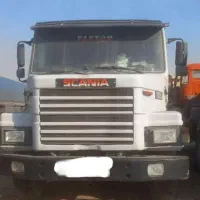 اسکانیا t 112 مدل 1980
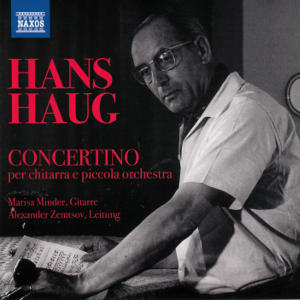 Hans Haug, Concertino Hans Haug, Concertino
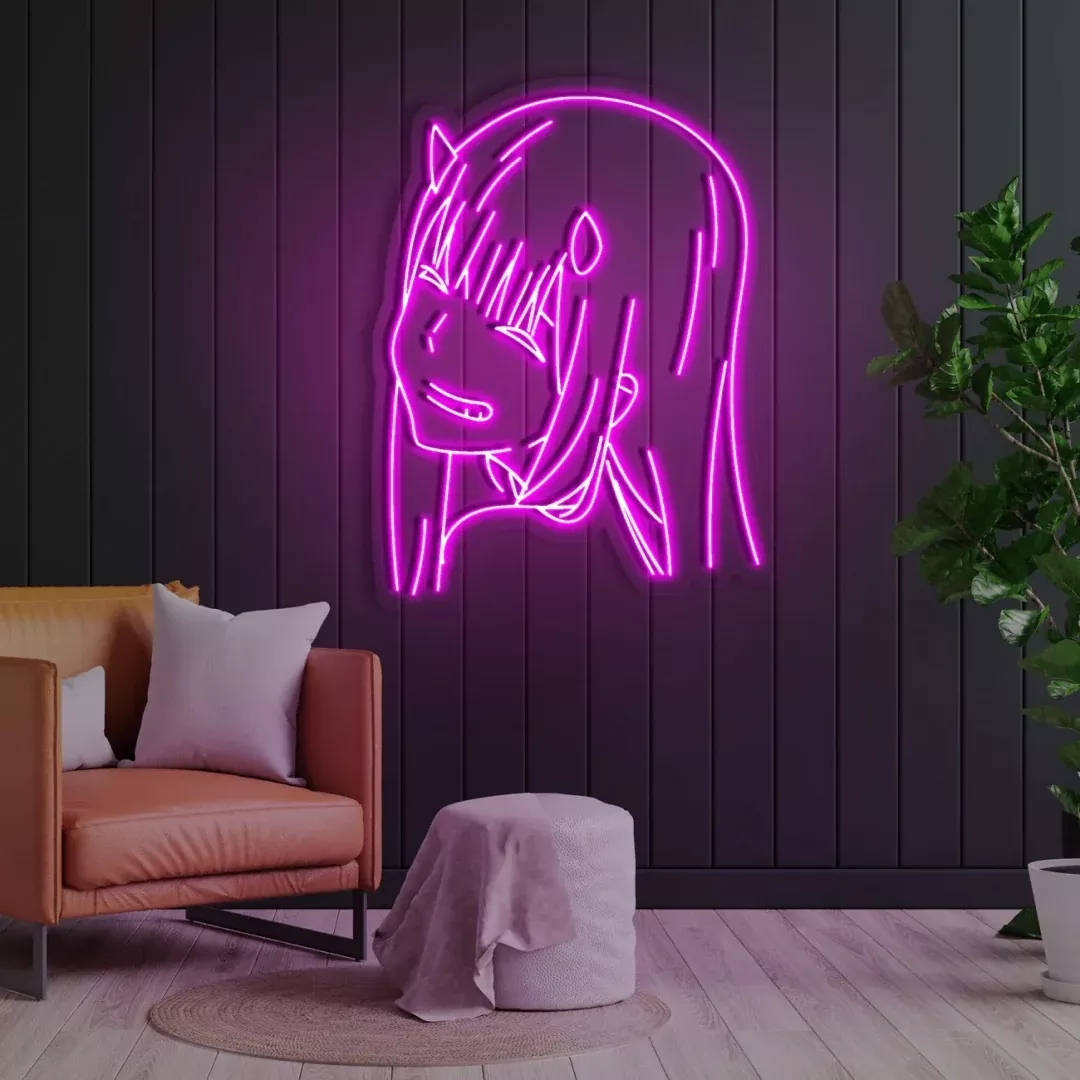 Anime LED Neon Sign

## Exercise
Each line of the material goes into your copy unchanged, but no picture does.

## Answer to this task
 اسکانیا t 112 مدل 1980
 Hans Haug, Concertino Hans Haug, Concertino
 Anime LED Neon Sign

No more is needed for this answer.